Tuesday, July 5, AD 2016

 

 

 I have misused the king’s press damnably. I have got, in exchange of a hundred and fifty soldiers, three hundred and odd pounds. I press me none but good house-holders, yeoman’s sons; inquire me out contracted bachelors, such as had been asked twice on the banns; such a commodity of warm slaves, as had as lieve hear the devil as a drum; such as fear the report of a caliver worse than a struck fowl or a hurt wild-duck.

Falstaff, Henry IV, Part I

(This post originally ran in 2012.  The idea of National Service is being mooted again, so I am running this again.  Some bad ideas never seem to go away.)

Former Washington Post Reporter Thomas Ricks, who now works for the liberal Center for a New American Security, a think tank focusing on defense issues and which has provided several top personnel in Defense slots for the Obama administration, thinks that it is now time to bring back the Draft.  He proposes it not because he believes that the Draft would improve the military, but because he believes that it would make the nation less likely to go to war.

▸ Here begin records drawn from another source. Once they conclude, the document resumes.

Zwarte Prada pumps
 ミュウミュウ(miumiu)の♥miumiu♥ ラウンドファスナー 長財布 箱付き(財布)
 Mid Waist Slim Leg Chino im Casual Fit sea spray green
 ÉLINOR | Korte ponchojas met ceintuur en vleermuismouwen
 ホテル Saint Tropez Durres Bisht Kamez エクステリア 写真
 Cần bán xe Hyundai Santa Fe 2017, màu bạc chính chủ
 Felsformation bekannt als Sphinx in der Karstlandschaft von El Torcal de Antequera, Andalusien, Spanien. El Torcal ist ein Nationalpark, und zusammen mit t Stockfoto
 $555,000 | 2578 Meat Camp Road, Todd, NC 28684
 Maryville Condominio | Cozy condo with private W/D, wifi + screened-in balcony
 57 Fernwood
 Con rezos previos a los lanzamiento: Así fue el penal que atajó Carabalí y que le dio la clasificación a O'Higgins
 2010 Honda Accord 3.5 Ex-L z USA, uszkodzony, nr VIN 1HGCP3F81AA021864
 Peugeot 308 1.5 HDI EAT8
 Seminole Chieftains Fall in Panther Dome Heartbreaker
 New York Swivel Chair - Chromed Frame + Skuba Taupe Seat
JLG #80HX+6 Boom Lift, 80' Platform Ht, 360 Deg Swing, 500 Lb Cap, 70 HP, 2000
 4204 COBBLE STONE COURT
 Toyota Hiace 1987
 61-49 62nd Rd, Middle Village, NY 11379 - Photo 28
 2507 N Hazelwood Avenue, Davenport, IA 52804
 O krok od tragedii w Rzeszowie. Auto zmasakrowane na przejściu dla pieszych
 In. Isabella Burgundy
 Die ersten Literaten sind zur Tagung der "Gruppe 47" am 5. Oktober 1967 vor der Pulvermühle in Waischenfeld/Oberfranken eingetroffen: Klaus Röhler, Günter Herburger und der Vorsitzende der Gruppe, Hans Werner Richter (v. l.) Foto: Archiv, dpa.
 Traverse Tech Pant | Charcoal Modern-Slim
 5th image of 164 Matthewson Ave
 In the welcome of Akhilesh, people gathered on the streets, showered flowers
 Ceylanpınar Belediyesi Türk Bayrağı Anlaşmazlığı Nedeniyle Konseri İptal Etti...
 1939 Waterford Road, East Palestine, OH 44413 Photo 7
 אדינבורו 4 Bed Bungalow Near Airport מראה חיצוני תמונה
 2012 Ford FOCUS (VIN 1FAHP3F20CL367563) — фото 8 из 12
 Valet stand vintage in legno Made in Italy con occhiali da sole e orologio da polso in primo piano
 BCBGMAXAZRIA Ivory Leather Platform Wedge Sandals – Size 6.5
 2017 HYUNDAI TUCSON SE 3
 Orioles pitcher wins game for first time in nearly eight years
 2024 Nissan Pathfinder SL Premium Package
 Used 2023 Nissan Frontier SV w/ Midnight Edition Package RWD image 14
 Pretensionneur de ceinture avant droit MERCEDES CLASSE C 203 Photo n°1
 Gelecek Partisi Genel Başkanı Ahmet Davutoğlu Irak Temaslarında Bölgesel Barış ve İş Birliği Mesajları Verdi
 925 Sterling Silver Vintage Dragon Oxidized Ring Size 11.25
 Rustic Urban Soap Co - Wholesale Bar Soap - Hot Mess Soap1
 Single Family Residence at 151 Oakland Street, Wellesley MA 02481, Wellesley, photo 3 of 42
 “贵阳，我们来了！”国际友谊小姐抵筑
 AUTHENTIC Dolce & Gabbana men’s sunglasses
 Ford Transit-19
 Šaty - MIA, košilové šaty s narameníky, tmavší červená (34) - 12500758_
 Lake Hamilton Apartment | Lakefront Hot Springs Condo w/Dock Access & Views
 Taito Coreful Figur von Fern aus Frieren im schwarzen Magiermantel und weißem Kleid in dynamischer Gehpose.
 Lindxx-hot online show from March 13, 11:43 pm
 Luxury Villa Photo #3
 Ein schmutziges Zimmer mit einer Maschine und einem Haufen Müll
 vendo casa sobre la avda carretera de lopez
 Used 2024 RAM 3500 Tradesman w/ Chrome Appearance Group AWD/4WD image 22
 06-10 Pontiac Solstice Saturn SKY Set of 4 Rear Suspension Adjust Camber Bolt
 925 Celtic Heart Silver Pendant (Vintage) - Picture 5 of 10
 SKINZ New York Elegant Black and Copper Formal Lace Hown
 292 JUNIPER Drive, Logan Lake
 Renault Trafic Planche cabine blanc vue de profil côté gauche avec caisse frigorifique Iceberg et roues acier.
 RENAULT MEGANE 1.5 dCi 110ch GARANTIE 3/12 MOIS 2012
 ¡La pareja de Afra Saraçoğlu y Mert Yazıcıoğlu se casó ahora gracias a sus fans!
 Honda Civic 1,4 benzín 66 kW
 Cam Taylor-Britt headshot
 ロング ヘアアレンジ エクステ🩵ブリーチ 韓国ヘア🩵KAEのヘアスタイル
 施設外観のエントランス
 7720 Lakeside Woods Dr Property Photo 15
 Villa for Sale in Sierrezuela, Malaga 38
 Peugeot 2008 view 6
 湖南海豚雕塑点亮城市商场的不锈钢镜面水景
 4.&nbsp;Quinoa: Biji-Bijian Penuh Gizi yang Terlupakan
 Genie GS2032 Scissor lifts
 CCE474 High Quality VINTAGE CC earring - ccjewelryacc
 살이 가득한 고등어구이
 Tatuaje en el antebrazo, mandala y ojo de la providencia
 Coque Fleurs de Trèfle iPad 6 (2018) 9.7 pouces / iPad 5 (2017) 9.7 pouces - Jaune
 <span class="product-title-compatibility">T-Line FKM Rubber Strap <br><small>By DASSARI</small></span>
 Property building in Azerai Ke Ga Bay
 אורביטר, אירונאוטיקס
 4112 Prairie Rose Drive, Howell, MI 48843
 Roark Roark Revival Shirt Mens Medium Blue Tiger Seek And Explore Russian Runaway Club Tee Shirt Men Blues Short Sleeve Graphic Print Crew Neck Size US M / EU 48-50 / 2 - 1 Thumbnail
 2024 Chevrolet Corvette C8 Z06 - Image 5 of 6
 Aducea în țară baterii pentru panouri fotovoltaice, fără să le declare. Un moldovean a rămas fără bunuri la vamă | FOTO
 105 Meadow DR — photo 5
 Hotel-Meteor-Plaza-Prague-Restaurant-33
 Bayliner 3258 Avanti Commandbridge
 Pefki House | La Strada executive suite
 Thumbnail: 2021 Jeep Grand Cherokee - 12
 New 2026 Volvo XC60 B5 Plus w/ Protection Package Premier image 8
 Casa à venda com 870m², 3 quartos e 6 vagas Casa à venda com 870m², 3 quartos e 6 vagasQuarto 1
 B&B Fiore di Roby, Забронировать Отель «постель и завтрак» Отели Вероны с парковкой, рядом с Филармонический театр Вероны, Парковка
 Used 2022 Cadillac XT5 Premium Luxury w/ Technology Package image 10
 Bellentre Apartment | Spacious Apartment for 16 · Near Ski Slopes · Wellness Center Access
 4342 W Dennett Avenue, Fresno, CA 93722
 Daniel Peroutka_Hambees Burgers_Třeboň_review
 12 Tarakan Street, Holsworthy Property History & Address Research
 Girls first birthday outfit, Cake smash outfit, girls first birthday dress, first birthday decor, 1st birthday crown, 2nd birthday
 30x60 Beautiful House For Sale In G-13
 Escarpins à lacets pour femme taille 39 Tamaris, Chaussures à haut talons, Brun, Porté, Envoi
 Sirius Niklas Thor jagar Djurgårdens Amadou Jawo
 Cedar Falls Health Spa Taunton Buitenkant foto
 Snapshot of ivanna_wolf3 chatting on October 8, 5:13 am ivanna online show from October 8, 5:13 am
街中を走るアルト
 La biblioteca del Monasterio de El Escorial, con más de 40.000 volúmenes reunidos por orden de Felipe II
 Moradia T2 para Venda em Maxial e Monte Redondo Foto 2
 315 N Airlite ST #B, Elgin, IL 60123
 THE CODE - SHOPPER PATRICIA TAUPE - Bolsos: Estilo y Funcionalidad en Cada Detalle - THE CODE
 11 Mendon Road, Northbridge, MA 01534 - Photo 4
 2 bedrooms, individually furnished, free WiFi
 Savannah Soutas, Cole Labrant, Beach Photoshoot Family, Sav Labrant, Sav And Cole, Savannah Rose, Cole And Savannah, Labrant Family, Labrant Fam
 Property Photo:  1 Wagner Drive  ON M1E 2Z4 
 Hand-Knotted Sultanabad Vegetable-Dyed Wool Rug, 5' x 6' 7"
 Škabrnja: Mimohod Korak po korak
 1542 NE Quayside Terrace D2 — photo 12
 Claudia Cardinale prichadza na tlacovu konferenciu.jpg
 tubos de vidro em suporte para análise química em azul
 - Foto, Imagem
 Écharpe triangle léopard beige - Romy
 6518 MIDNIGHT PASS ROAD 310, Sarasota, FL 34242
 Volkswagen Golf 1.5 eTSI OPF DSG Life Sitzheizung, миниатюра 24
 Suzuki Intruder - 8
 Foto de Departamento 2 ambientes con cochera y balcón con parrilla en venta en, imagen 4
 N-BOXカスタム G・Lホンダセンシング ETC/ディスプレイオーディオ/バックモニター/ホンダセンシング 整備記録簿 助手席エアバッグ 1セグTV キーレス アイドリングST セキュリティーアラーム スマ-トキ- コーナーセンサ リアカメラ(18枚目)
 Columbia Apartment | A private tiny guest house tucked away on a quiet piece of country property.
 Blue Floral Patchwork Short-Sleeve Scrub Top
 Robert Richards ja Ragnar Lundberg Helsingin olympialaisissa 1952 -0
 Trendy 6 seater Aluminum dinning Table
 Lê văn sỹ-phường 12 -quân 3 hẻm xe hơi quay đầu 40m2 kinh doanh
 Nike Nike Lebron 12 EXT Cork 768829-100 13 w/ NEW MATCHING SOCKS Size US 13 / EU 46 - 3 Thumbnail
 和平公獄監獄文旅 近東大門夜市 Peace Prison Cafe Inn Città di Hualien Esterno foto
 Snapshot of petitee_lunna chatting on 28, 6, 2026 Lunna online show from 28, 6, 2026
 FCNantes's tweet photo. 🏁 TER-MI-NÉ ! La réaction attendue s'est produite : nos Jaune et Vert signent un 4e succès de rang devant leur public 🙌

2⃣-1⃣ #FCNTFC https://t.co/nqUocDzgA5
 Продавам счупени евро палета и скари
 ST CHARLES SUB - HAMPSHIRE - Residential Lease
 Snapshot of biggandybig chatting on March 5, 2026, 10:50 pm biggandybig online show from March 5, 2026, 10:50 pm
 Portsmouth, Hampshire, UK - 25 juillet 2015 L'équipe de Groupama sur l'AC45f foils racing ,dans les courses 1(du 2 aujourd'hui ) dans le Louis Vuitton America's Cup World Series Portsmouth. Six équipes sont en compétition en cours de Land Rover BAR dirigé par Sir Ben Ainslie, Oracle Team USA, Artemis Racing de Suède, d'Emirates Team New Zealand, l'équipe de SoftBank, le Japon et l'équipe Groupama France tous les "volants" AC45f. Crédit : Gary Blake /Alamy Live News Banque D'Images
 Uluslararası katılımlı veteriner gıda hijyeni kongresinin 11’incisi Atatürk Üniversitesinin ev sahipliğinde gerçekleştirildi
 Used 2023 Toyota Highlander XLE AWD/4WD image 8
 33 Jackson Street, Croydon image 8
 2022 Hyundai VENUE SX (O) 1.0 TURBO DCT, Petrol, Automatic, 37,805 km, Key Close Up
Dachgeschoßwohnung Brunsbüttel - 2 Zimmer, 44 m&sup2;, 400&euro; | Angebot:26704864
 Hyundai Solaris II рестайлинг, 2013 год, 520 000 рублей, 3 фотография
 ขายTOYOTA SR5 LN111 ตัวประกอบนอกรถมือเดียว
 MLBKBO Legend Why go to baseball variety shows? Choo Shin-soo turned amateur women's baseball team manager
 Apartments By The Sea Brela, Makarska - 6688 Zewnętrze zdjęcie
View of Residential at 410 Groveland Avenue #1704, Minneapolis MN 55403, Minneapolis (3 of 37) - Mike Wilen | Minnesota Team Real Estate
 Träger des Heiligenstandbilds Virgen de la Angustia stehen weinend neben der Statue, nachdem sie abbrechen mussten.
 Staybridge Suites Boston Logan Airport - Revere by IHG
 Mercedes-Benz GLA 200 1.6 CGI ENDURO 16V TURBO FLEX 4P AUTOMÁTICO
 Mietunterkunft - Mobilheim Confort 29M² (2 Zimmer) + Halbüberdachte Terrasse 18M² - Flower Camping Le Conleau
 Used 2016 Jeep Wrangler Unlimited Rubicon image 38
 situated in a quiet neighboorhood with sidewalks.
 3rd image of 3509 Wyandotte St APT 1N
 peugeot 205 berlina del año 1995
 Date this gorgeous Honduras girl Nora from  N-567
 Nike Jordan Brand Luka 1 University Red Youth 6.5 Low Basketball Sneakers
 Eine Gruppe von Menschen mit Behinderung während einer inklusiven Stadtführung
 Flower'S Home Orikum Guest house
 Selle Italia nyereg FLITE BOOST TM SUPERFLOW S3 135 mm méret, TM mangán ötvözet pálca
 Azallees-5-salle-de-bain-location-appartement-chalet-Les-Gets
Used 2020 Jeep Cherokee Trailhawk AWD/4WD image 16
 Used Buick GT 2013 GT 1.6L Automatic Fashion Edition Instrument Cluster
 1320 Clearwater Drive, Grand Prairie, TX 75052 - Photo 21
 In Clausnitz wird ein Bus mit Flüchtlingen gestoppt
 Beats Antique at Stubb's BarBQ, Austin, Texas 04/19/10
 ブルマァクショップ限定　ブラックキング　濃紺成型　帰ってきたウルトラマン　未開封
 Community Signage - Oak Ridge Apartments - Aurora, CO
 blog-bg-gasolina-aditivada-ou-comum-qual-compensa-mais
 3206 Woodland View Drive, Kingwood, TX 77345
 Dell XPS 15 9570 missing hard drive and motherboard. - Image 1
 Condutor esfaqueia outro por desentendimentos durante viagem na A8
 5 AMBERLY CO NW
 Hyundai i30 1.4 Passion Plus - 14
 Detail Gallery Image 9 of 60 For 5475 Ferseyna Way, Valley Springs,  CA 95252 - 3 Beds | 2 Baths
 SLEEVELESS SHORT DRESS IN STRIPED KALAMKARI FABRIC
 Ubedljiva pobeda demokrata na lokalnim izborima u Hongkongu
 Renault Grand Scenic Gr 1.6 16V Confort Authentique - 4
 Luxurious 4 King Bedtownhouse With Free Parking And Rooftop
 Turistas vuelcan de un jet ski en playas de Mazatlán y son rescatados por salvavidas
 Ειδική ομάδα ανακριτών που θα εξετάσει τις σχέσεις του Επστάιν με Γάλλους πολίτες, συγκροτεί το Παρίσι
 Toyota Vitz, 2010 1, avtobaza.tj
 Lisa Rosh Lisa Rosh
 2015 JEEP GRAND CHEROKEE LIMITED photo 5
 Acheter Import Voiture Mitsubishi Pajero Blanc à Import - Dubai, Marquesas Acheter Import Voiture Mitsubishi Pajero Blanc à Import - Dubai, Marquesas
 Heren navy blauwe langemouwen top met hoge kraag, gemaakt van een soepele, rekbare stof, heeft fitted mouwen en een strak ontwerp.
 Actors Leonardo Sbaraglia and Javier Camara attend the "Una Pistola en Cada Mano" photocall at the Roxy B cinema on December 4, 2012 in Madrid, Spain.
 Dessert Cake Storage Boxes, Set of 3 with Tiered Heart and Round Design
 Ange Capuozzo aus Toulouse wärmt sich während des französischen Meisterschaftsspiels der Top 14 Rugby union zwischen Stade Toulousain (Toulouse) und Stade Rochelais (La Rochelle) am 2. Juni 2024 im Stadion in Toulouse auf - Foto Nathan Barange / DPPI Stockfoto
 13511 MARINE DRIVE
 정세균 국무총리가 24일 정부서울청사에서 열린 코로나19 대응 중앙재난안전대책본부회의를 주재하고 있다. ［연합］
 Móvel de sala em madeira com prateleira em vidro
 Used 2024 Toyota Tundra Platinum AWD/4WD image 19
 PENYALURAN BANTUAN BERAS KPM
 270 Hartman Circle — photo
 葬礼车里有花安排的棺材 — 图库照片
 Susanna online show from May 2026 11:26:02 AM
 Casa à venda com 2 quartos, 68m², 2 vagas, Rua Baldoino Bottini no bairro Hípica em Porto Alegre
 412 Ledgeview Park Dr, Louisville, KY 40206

The drawbacks of the all-volunteer force are not military, but political and ethical. One percent of the nation has carried almost all the burden of the wars in Iraq and Afghanistan, while the rest of us essentially went shopping. When the wars turned sour, we could turn our backs.

A nation that disregards the consequences of its gravest decisions is operating in morally hazardous territory. We invaded Iraq recklessly. If we had a draft, a retired general said to me recently, we probably would not have invaded at all.

If there had been a draft in 2001, I think we still would have gone to war in Afghanistan, which was the right thing to do. But I don’t think we would have stayed there much past the middle of 2002 or handled the war so negligently for years after that.

We had a draft in the 1960s, of course, and it did not stop President Lyndon Johnson from getting into a ground war in Vietnam. But the draft sure did encourage people to pay attention to the war and decide whether they were willing to support it.

I believe that Mr. Ricks is completely wrong-headed, and to understand why it is necessary to review the Draft and American history.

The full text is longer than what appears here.